Shale Investors Take New Direction

Are the days of achieving the highest possible IP rates over? Are investors now more interested in long-term well productivity than short-term payback? If so, can producers respond to what investors want?
By Patrick C. Miller | February 09, 2018

Not long ago, word of ever-increasing initial production rates from new wells drilled by operators in U.S. shale plays was music to investors’ ears.  The higher the flow rate of crude, the faster the rate of return on their investment.

But that standard of success began to lose much of its appeal in the latter half of 2017 and into early 2018 when investors began to push back against the business models of shale operators. They charged that profits from increased production were plowed back into new capital expenditures as a means of continuing to raise production, leading to negative cash flows and higher debt. It was, some claimed, an unsustainable model that wasn’t attractive to investors.

This triggered a spate of stories in the business media about investors openly expressing dissatisfaction with the shale oil and gas industry for employing risky financial strategies and structures that rewarded growth rather than profit and investment returns, which is what investors now say they really want.

“The winds, they do change,” proclaims Robert Watson, CEO of San Antonio-based Abraxas Petroleum Corp., which has operations in the Bakken, Permian and Eagle Ford shale plays. “It’s certainly a new way of looking at the industry.”

As Watson explains, “It went from the land grab issues in the early part of this decade where people were spending inordinate amounts of money on acreage and then not having the capital to develop it,” he says. “Investors really want companies to generate good economics which, for the most part, means living within your means, spending cash flow or below cash flow and using any free cash flow to do something good for the shareholders, whether it’s pay off debt, buy back shares or even pay a dividend.”

Still Pulling Hard
Not all shale operators have abandoned the idea of achieving the highest IP rates possible on new wells, however. 

“It certainly depends on the company’s strategy,” says Jonathan Garrett, research director for Lower 48 upstream with Wood Mackenzie in Houston. “Some companies—EOG for example—are interested in having the well pay back as quickly as possible. Essentially everything, once it’s paid back, it’s just upside,” Garrett says. There’s less of a concern with actual estimated ultimate recoveries as opposed to payback—shortening that payback period as much as possible. That’s why oftentimes you’ll see EOG wells being pulled really hard like an open choke whereas, if you look at Hess in the Bakken, they’re more interested in maximizing value per drilled spacing unit.”

Garrett notes that there are technical reasons why producers might want to avoid achieving the highest IP rates possible from a newly drilled well. “We can flow it as hard as we want and we’ll have a really strong, flashy initial production rate, but from a reservoir management standpoint, we could be pulling on that well so hard that we actually prematurely close up some of those fractures that we created. Or we start to pull proppant into our perforations and then that well would decline far faster than if we had a more optimized approach for managing that flow.

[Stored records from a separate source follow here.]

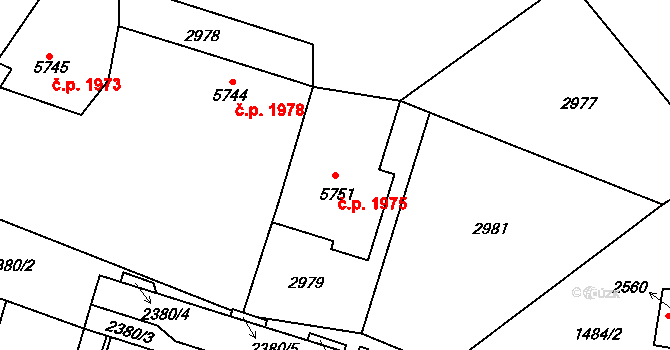 Cheb 1975 na parcele st. 5751 v KÚ Cheb, Katastrální mapa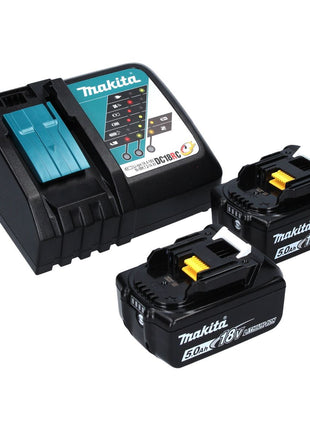 Cisaille à gazon sans fil Makita DUM 604 RTXJ 18 V avec lame de cisaille à herbe et arbustes + 2x batteries 5,0 Ah + chargeur + Makpac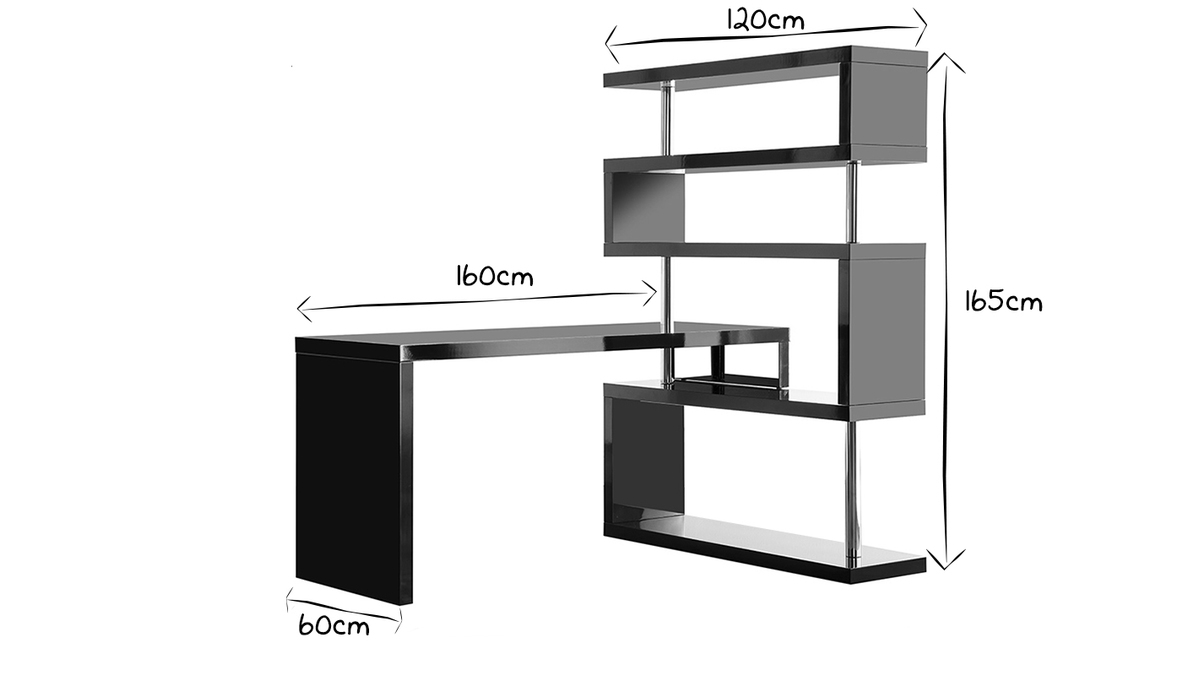 Scrivania design laccata bianca T-MAX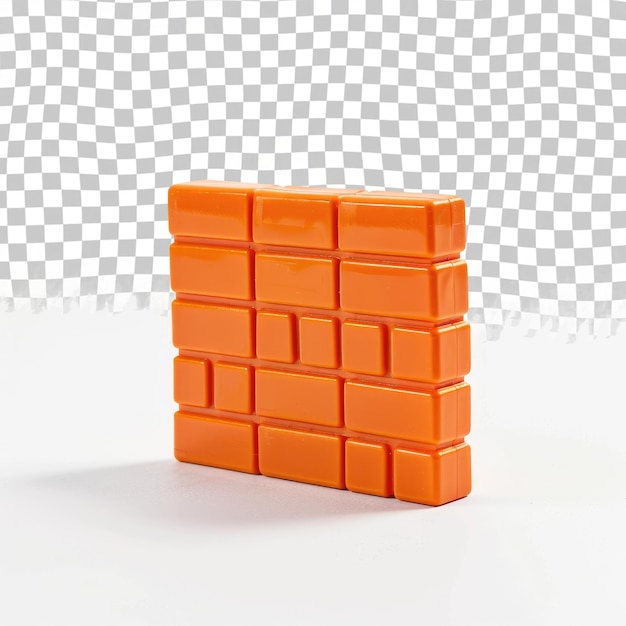 a orange cube made of bricks sits in front of a checkered background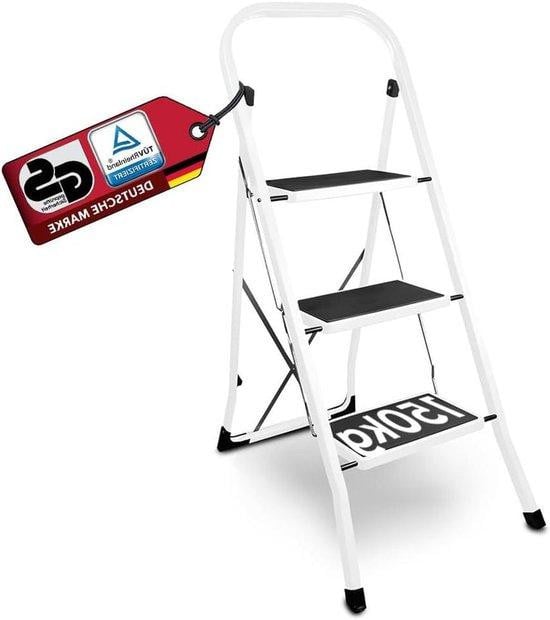 Siwitec Opvouwbare trapladder met stang, 3 treden, Wit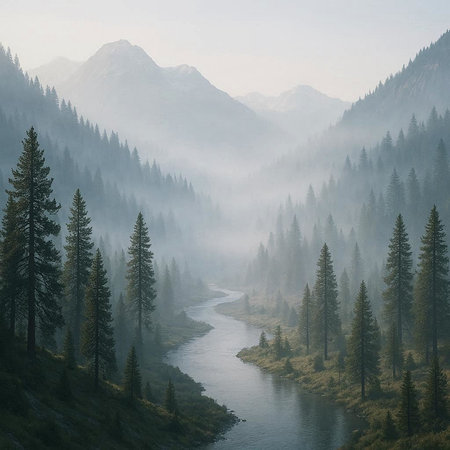 Foggy morning in the mountains. The river flows through the forest.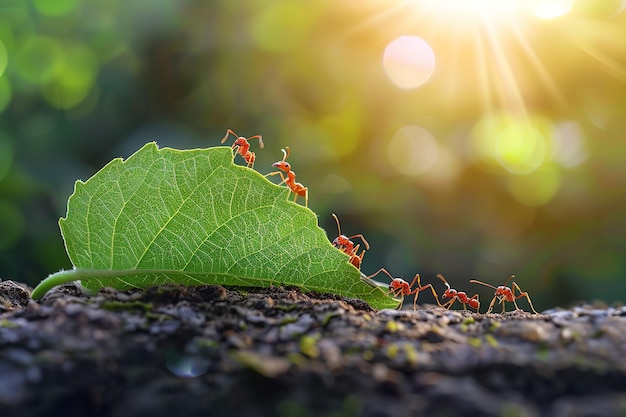 Foto una toma de cerca de una hormiga que lleva una hoja en la espalda y la mueve a su nido con un hermoso telón de fondo de luz diurna y un gran espacio para el texto ia generativa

“There’s a lot of levers that you can pull,” he continues. “You don’t necessarily want to pull that well so hard and so fast that you close up fracks, you get screen-outs or, in some cases we’ve seen, you start producing large amounts of water prematurely because you didn’t do a good job of managing production.”

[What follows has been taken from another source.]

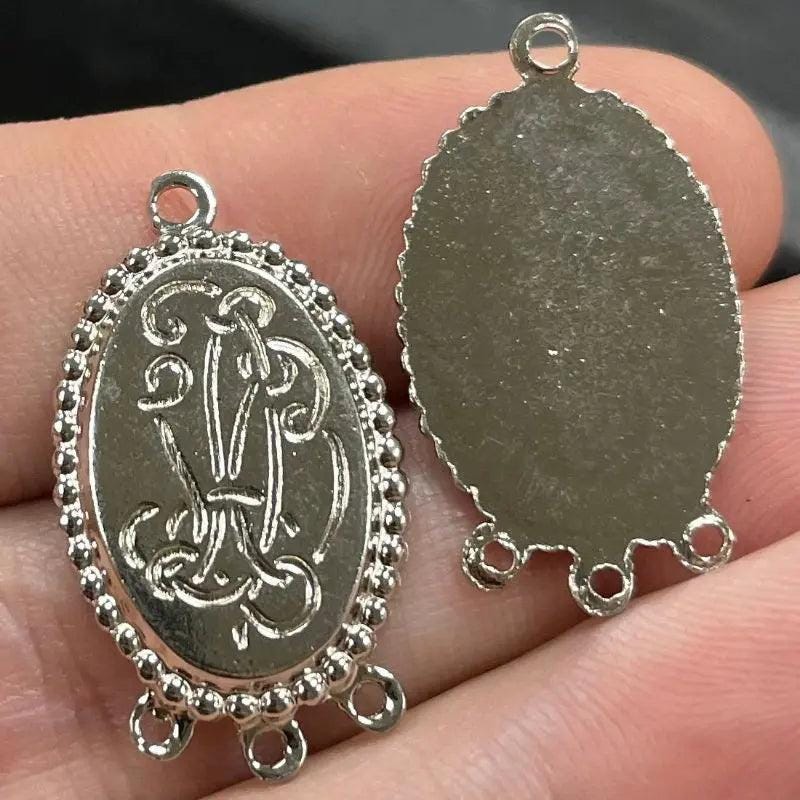 4 Vintage Silver Plated Etched Metal Charms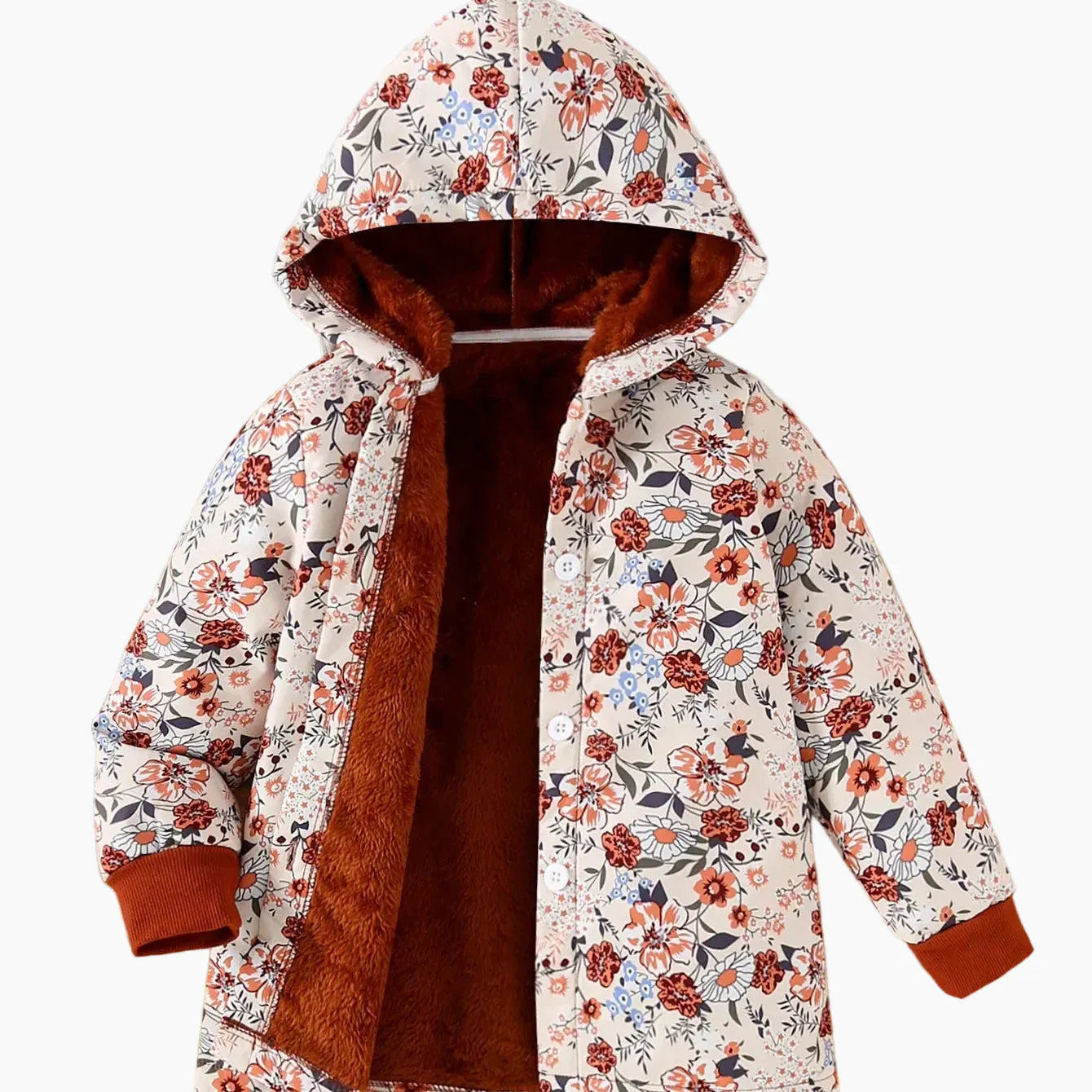 Beige / 4T Floral Print Fleece-Lined Hooded Jacket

Still, Garrett believes that investors are less impressed with high IP rates than they once were. “I do think that there’s a shift taking place to a more sustainable, more fundamentally sound model that’s not necessarily centered on mega-gains in production and growth at any cost,” he says.

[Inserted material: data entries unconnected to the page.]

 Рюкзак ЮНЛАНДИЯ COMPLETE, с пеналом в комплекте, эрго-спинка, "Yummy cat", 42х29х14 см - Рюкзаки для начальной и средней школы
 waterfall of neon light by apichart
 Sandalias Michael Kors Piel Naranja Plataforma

The New View of Upstream E&Ps
As Watson observes, “It’s just a new world view that the investors have toward the upstream E&P business. The way we’ve run Abraxas is that we’ve always been more concerned with rate of return than we have for growth for the sake of growth. That’s now playing out as the way investors really want to see E&P companies work.”

Rystad Energy, an independent oil and gas consulting and business data firm headquartered in Oslo, Norway, with offices in America, has closely monitored changes in the U.S. shale oil and gas industry as it emerged from the low-oil-price environment. Artem Abramov, the company’s vice president for analysis, says that in 2017, oil and gas activity began to expand dramatically, which caused the demand for services to increase and service costs to rise.

“Service costs started growing and well costs increased, but production didn’t increase that quickly because there’s a natural lag,” he explains. “Normally it takes between four to eight months from when you start drilling a new shale well to the moment when it starts contributing to production. In this kind of transition phase, it’s natural that cash flow balances degrade quite significantly.”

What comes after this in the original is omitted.